To przykład toksycznej reguły wzajemności, w której brak otwartej komunikacji prowadzi do nieporozumień, poczucia niesprawiedliwości i narastającego dystansu między liderem a zespołem. Milczenie oraz ukryte oczekiwania stają się źródłem fałszywych przekonań po obu stronach, co pogłębia kryzys relacji i zagraża efektywności całej grupy.
Czym jest reguła wzajemności?
Jest to pewnego rodzaju zobowiązanie, a nawet oczekiwanie określonego zachowania na zasadzie wzajemności w zamian za to, że zrobiliśmy dla kogoś „coś ekstra” lub zwyczajnie jesteśmy solidni w swoich obowiązkach.
Często na szkoleniach słyszę od uczestników:
Warto doprecyzować kilka kwestii w tej wypowiedzi.

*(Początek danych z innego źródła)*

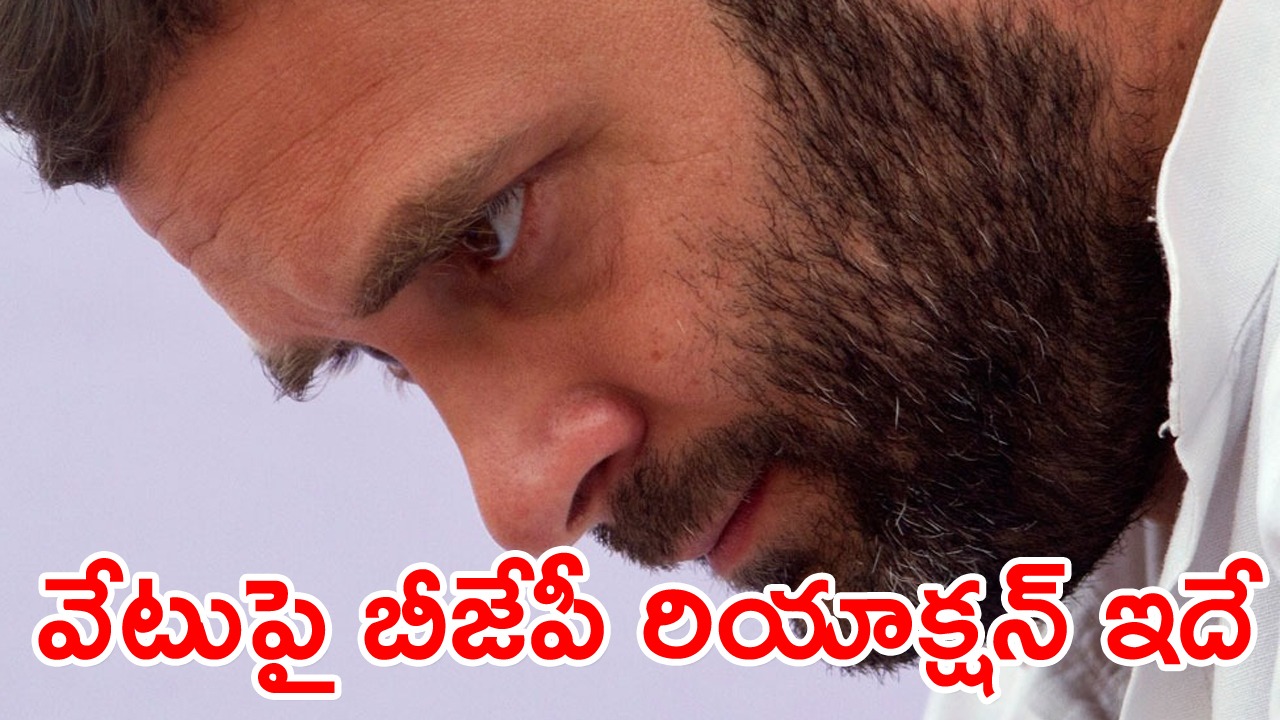 Rahul Gandhi Disqualification: షాకింగ్ కామెంట్స్ చేసిన కమలనాథులు 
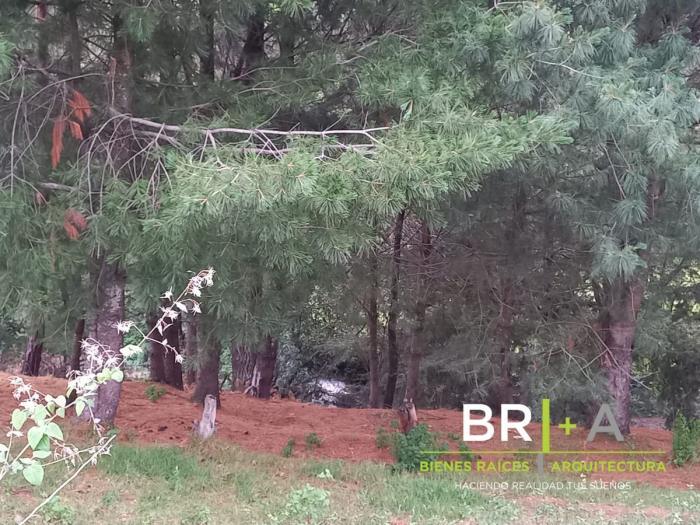 Terreno Ideal Para Tu Casa De Campo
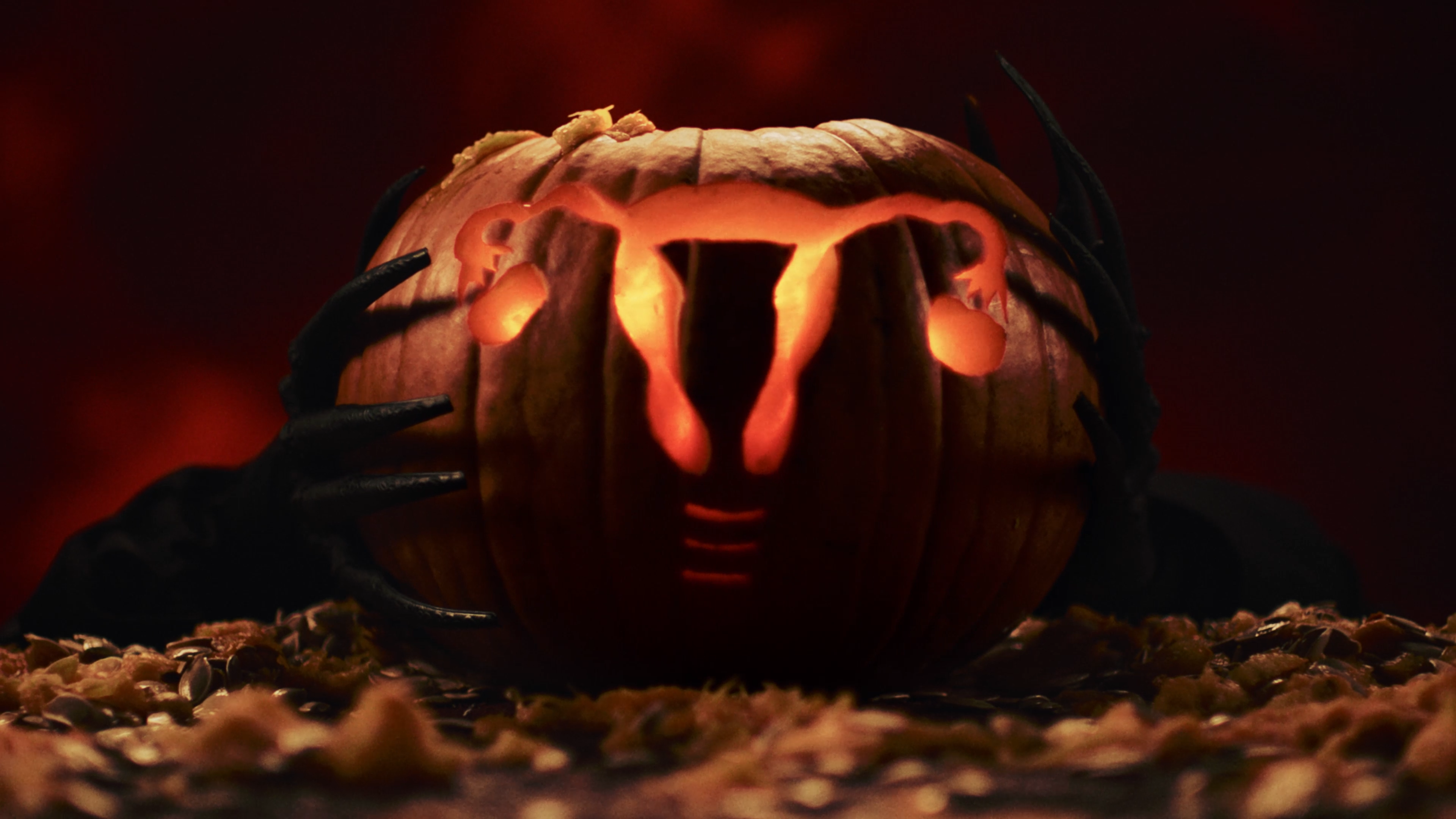 Endometriosis / Zeynep Oguz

Po pierwsze, to, że jesteś w porządku, uczciwy i postępujesz zgodnie z normami oraz zasadami, to standard – tak po prostu powinno być. To nie jest żadne „coś ekstra” ani dodatkowa wartość w relacji między tobą a pracownikiem. To jest zwykła rutyna szefa.
Po drugie, jeśli robisz dla pracowników coś ponad standard, zastanów się: czy to dlatego, że sami o to poprosili, czy realizujesz w ten sposób własną potrzebę? Jeśli samodzielnie wychodzisz z inicjatywą – np. widzisz, że pracownik ma problem i proponujesz mu dodatkowy urlop, pozwalasz wcześniej wyjść, bierzesz na siebie jego obowiązki czy przymykasz oko na jakieś naruszenie zasad – to jest twoja decyzja. Jeśli pracownik nie powiedział wprost: „Będę miał wobec ciebie dług wdzięczności i w przyszłości się zrewanżuje”, to nie możesz oczekiwać zwrotu tej „przysługi”.
Pułapka takiego myślenia
Jeśli oczekujesz wzajemności, a jej nie otrzymujesz, możesz poczuć się wykorzystany i uznać, że pracownik postępuje nie fair wobec ciebie. Ale czy faktycznie tak jest? Przede wszystkim warto uświadomić sobie, że wzajemność nie powinna być tylko cichym oczekiwaniem, ale świadomym elementem relacji. Kluczem jest jasna i otwarta komunikacja. Nie wystarczy zakładać, że druga strona się domyśli – trzeba mówić wprost o swoich oczekiwaniach.
Zakontraktowanie wzajemności to świadome budowanie relacji opartych na jasnych zasadach współpracy. Kiedy pracownik prosi cię o pomoc, warto od razu zakomunikować swoje oczekiwania:
Takie podejście nie tylko chroni przed rozczarowaniem, ale również wzmacnia dojrzałość relacji w zespole.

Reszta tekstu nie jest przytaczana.